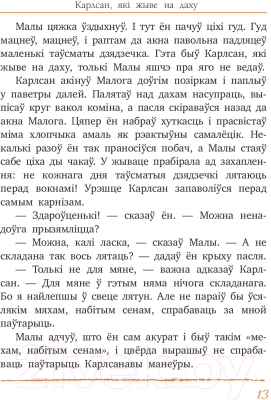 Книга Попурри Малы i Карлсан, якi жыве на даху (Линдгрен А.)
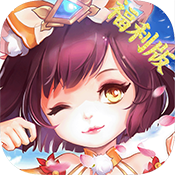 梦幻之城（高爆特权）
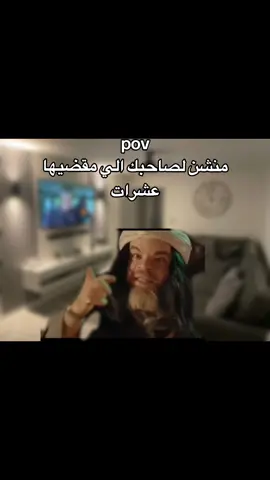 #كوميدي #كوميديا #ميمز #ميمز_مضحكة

···

- _What you need to do_
Wherever an image appears in the data, omit it and repeat everything else exactly.

- _Exercise output_
 Книга Попурри Малы i Карлсан, якi жыве на даху (Линдгрен А.)
 梦幻之城（高爆特权）
 #كوميدي #كوميديا #ميمز #ميمز_مضحكة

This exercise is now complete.